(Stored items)
- - -

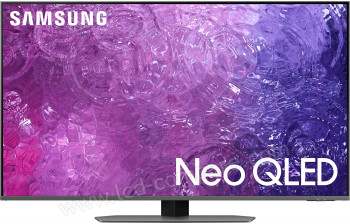 SAMSUNG TQ50QN90C - 125 cm - A partir de : 1055.00 € chez EDV Service Stadlauer chez Cdiscount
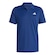 Camisa Polo adidas Club Masculina AZUL ESCURO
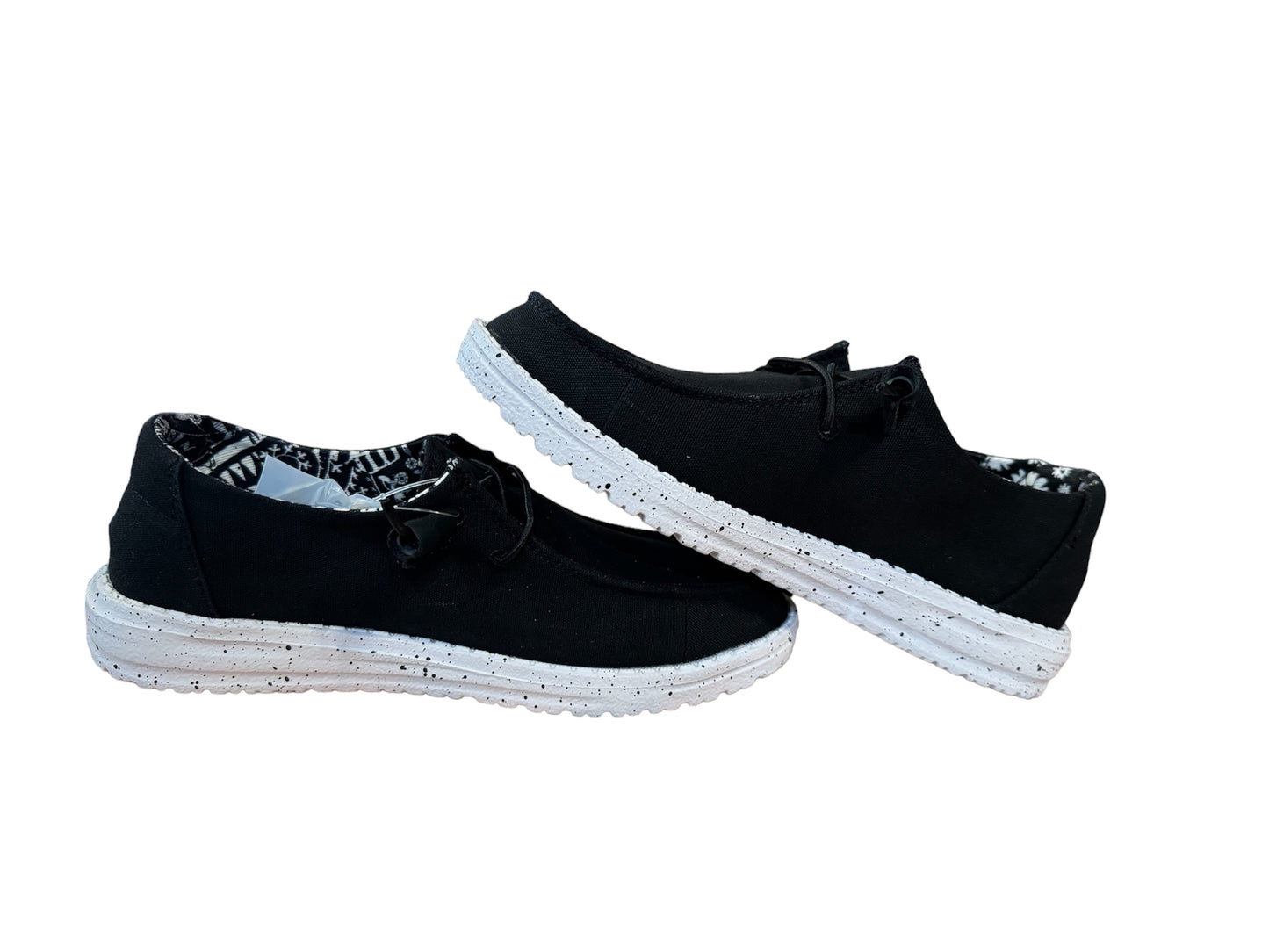 Wendy Basic Black Odyssey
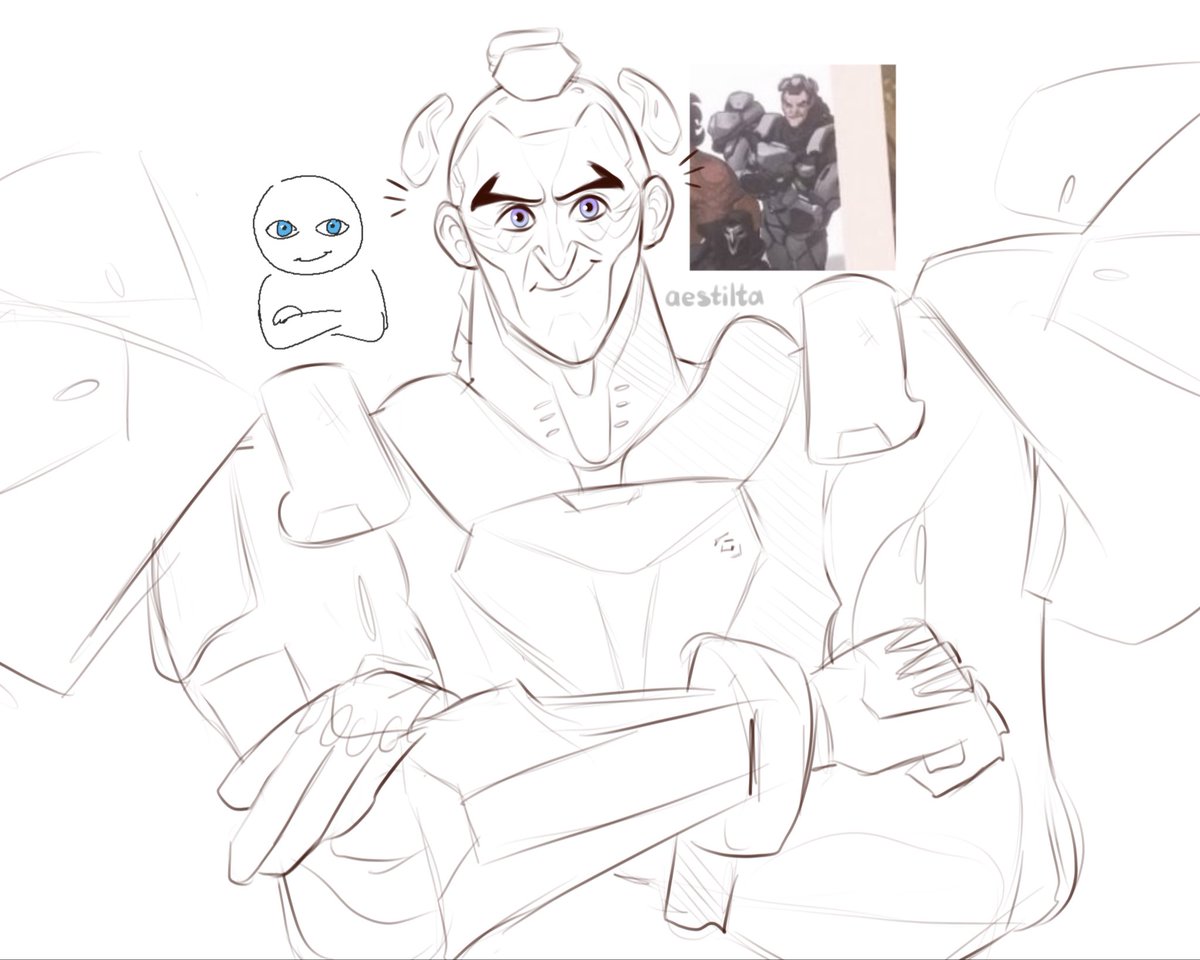 aestilta tweet media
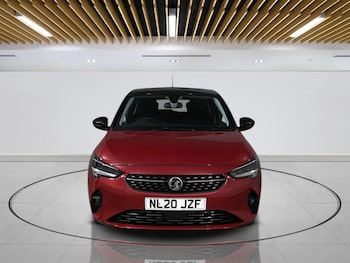 Used Vauxhall Corsa 2020 for sale - 77798364: Photo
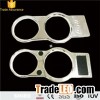 Machined Car Cup Holder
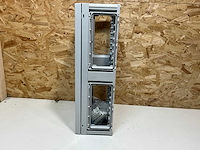 Hensel bm3 fp 0330 lege behuizing ip66 - afbeelding 6 van  7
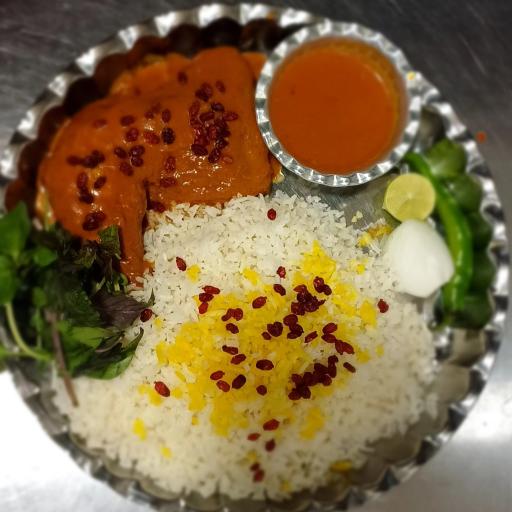 عکس رستوران وزیری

- - -

Prompt
Leave out the pictures, and please output only the lines from the line that contains "Used Vauxhall Corsa" through the end of the data, both ends included.

Completed exercise
 Used Vauxhall Corsa 2020 for sale - 77798364: Photo
 Machined Car Cup Holder
 Hensel bm3 fp 0330 lege behuizing ip66 - afbeelding 6 van  7
 عکس رستوران وزیری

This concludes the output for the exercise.